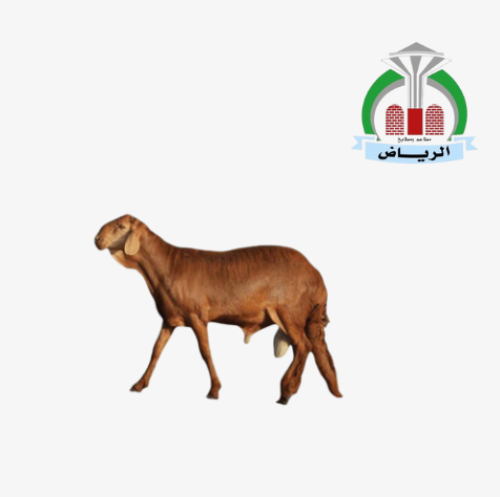 سواكني صغير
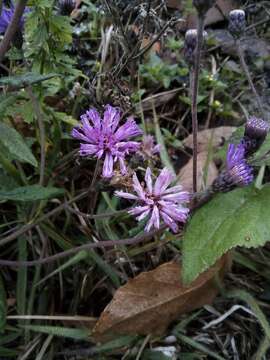 صورة Vernonia greggii A. Gray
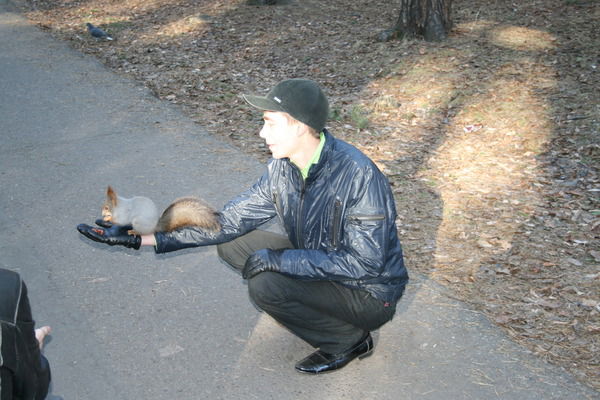 Илья Чередов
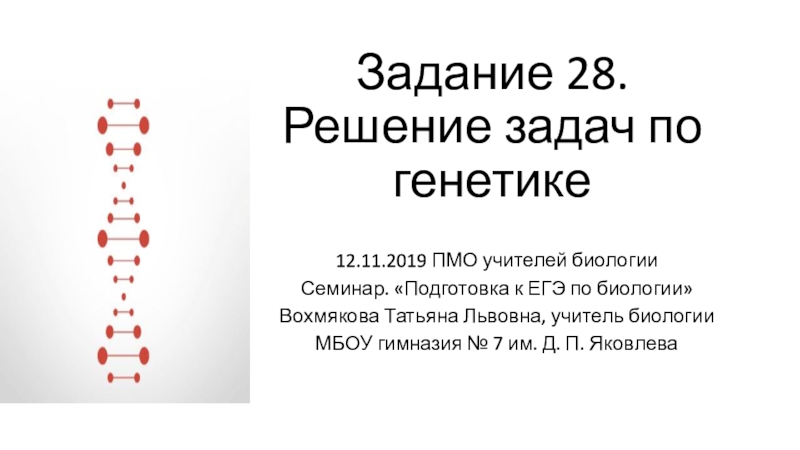 Презентация Задание 28. Решение задач по генетике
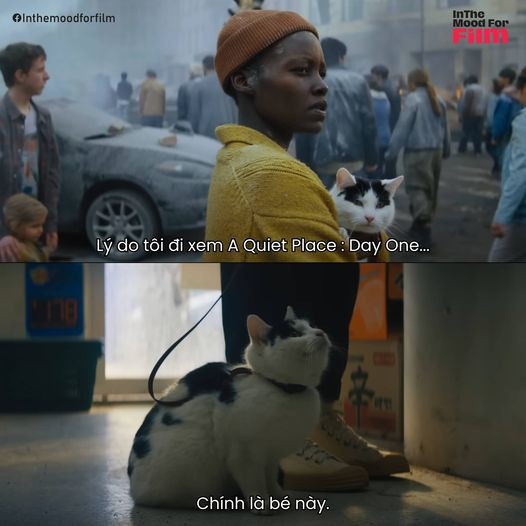 Rất nhiều người mong Frodo sẽ góp mặt ở phần tiếp theo. Nguồn ảnh: In The Mood For Film. Rất nhiều người mong Frodo sẽ góp mặt ở phần tiếp theo. Nguồn ảnh: In The Mood For Film.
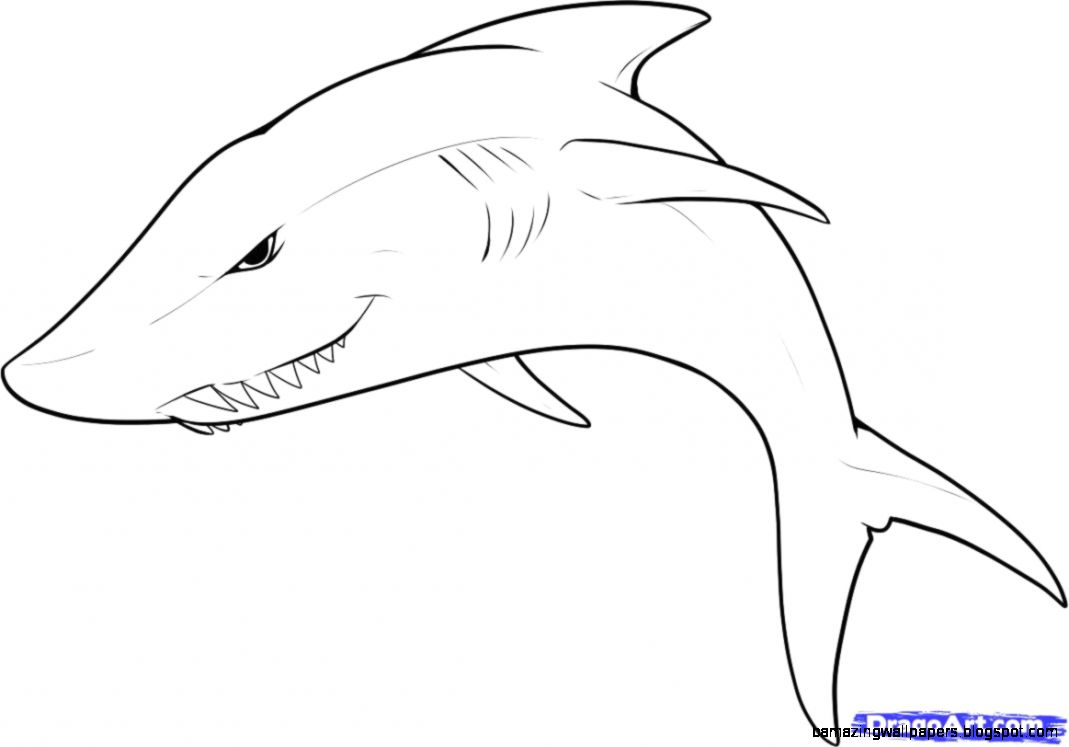 1069x747 Animals Drawings In Pencil Step By Step Simple Animals Drawings In - Animal Sketches For Kids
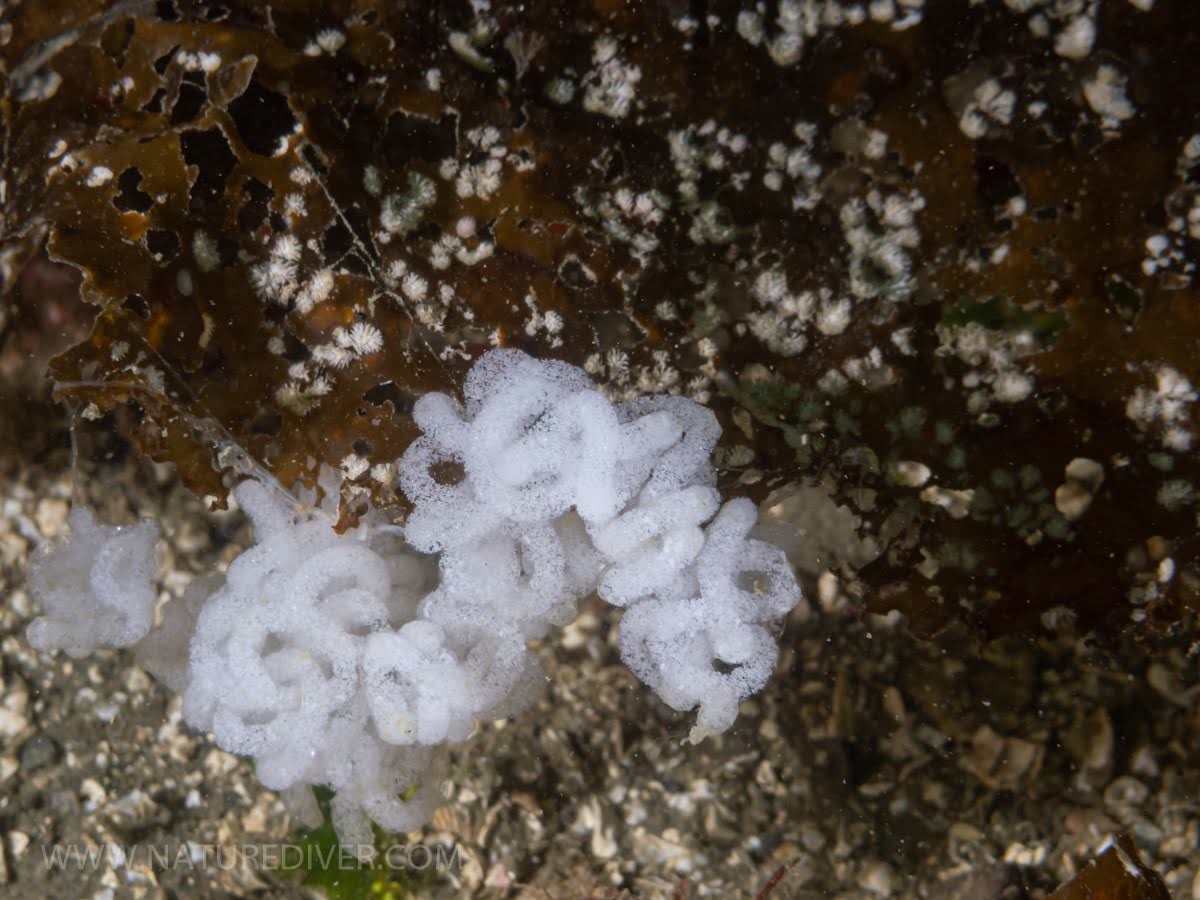 nudibranch eggs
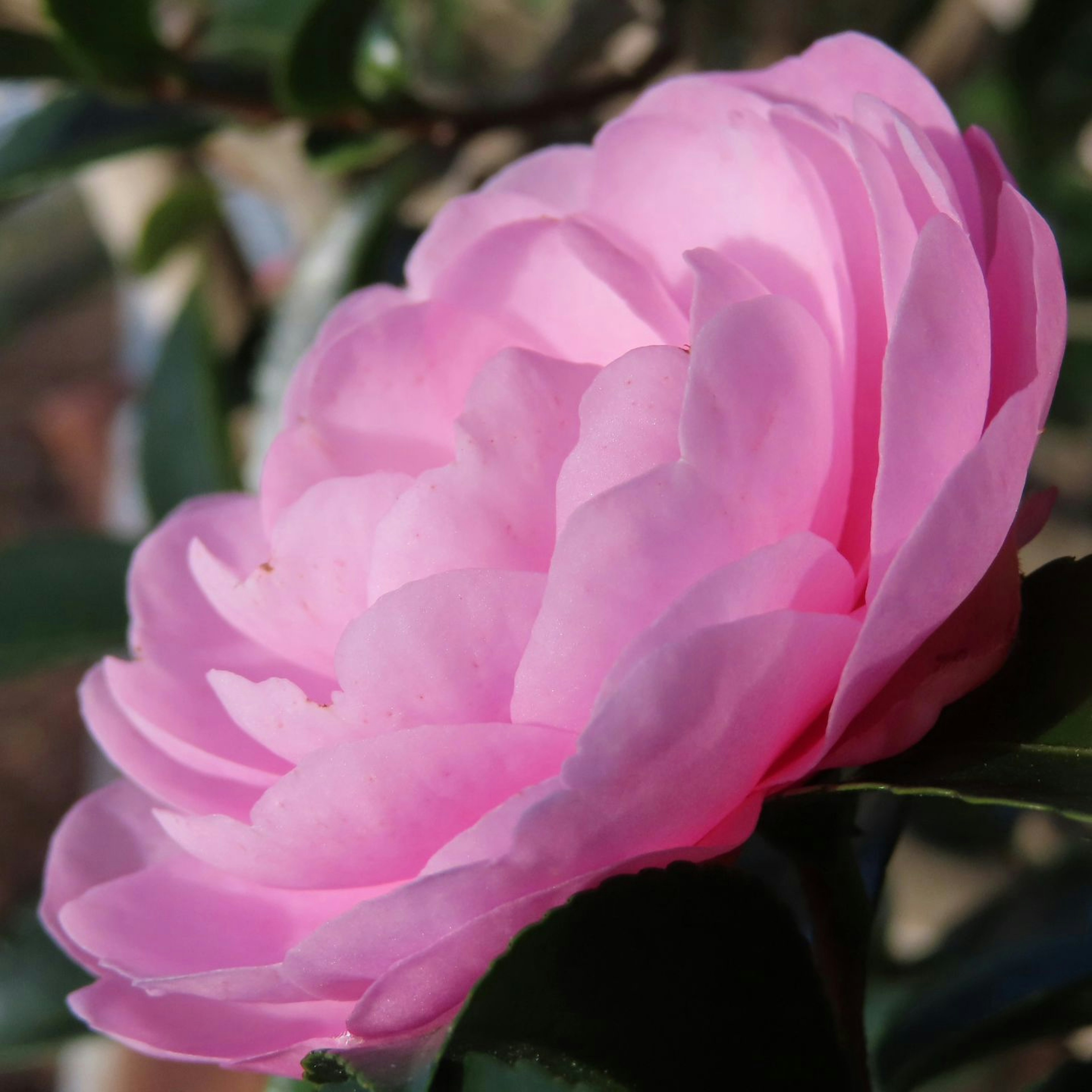 A soft pink camellia flower surrounded by green leaves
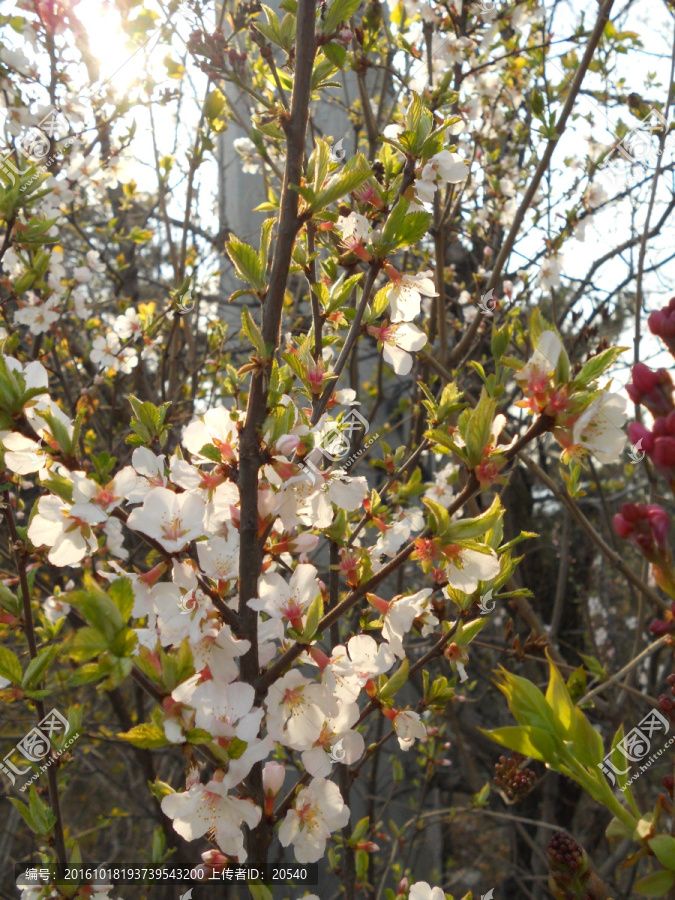 桃花,樱花,梨花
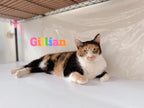Gillian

################

EXERCISE BRIEF: Exclude images and repeat all entries exactly.

EXERCISE SOLUTION:
 سواكني صغير
 صورة Vernonia greggii A. Gray
 Илья Чередов
 Презентация Задание 28. Решение задач по генетике
 Rất nhiều người mong Frodo sẽ góp mặt ở phần tiếp theo. Nguồn ảnh: In The Mood For Film. Rất nhiều người mong Frodo sẽ góp mặt ở phần tiếp theo. Nguồn ảnh: In The Mood For Film.
 1069x747 Animals Drawings In Pencil Step By Step Simple Animals Drawings In - Animal Sketches For Kids
 nudibranch eggs
 A soft pink camellia flower surrounded by green leaves
 桃花,樱花,梨花
Gillian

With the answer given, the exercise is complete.